We look forward to filing and mailing the proxy statement for this important transaction. In the meantime, if you have questions regarding this letter, please contact CNL Client Services, 866-650-0650, option 3, or your financial advisor.

Sincerely,

 

James M. Seneff    Stephen H. Mauldin   
Chairman of the Board    Chief Executive Officer & President   

cc: Financial Representatives

Enclosure

Cautionary Note Regarding Forward-Looking Statements

Forward-looking statements are based on current expectations and may be identified by words such as “believes,” “anticipates,” “expects,” “may,” “could” and terms of similar substance, and speak only as of the date made. Actual results could differ materially due to risks and uncertainties that are beyond the Company’s ability to control or accurately predict, including the amount and timing of anticipated future distributions, estimated per share net asset value of the Company’s stock and/or other matters. The Company’s forward-looking statements are not guarantees of future performance. Stockholders and financial advisors should not place undue reliance on forward-looking statements.

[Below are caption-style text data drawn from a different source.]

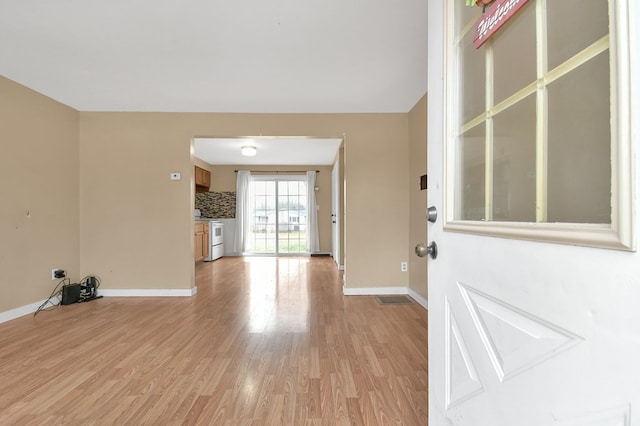 interior space with light hardwood / wood-style floors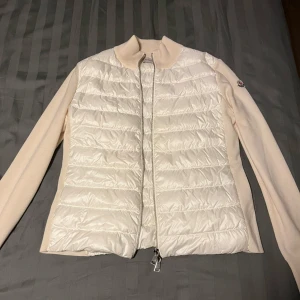 Vit dunjacka från Moncler - Säljer en stilren vit dunjacka från Moncler med quiltad design och dragkedja framtill. Jackan har långa ärmar och en ribbad krage för extra komfort. Perfekt för kyligare dagar och ger en lyxig känsla. Moncler-logga på ärmen ger en exklusiv touch.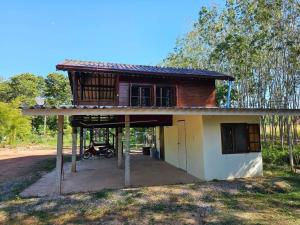 a small house with a porch and a motorcycle in front at NADOHN2 Nai Fan Homestay in Rayong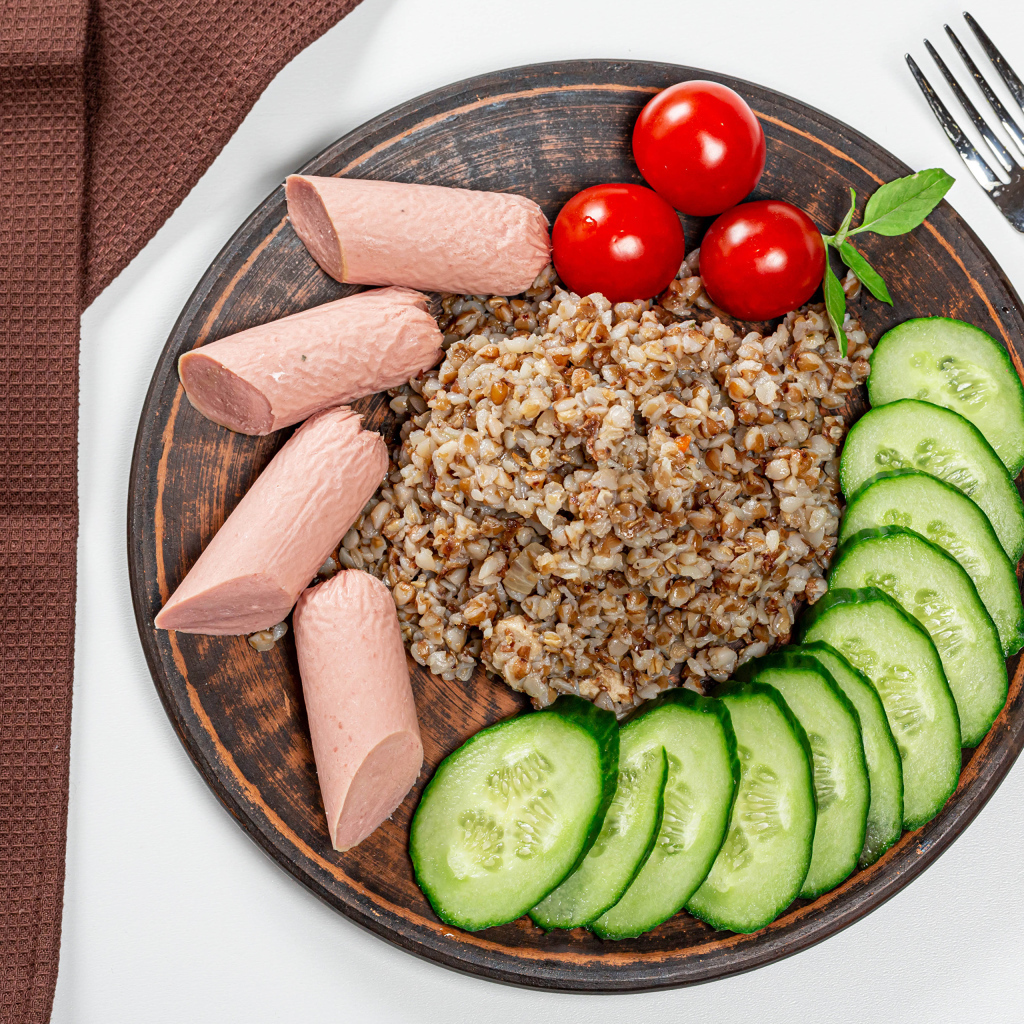 Гречка на тарелке с помидорами, огурцами и сосисками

Additional Information about the Proposed Transactions and Where to Find It

The Company plans to file with the SEC a preliminary proxy statement for the proposed transactions, which will be a part of a registration statement on Form S-4 filed by EPR in connection with the proposed transactions and include EPR’s preliminary prospectus. A definitive proxy statement will be mailed to the Company’s stockholders. THE REGISTRATION STATEMENT AND THE DEFINITIVE PROXY STATEMENT/PROSPECTUS WILL CONTAIN IMPORTANT INFORMATION ABOUT THE COMPANY, EPR, THE PROPOSED SALE OF THE PROPERTIES, THE PLAN OF DISSOLUTION, AND RELATED MATTERS. BEFORE MAKING ANY VOTING DECISION WITH RESPECT TO THE TRANSACTIONS, STOCKHOLDERS OF THE COMPANY ARE URGED TO READ THE REGISTRATION STATEMENT AND THE DEFINITIVE PROXY MATERIALS CAREFULLY WHEN THEY ARE AVAILABLE. The registration statement, the proxy statement/prospectus and other documents, when filed with the SEC, can be obtained free of charge through the website maintained by the SEC at http://www.sec.gov, at the Company’s website at http://www.cnllifestylereit.com/ under the tab “Investor Relations” and then “SEC Filings” and on EPR’s website at http://www.eprkc.com under the tab “Investor Center” and then “SEC Filings.”

Participants in the Solicitation

The Company and its directors and executive officers and EPR and its trustees and executive officers and other members of their respective management and employees may be deemed participants in the solicitation of proxies from the Company’s stockholders in connection with the proposed transactions. Information regarding the special interests of these directors, trustees and executive officers in the proposed transactions will be included in the definitive proxy statement/prospectus referred to above. Additional information regarding the Company’s directors and executive officers is also included in the Company’s Annual Report on Form 10-K for the fiscal year ended December 31, 2015, which was filed with the SEC on March 28, 2016. Additional information regarding EPR’s trustees and executive officers is also included in EPR’s proxy statement for its 2016 Annual Meeting of Shareholders, which was filed with the SEC on April 1, 2016, and in Form 4s of EPR’s trustees and executive officers filed with the SEC. The filed documents are available free of charge at the SEC’s website at sec.gov and from the Company and EPR by contacting them as described above. Other information about the participants in the proxy solicitation will be contained in the proxy statement/prospectus.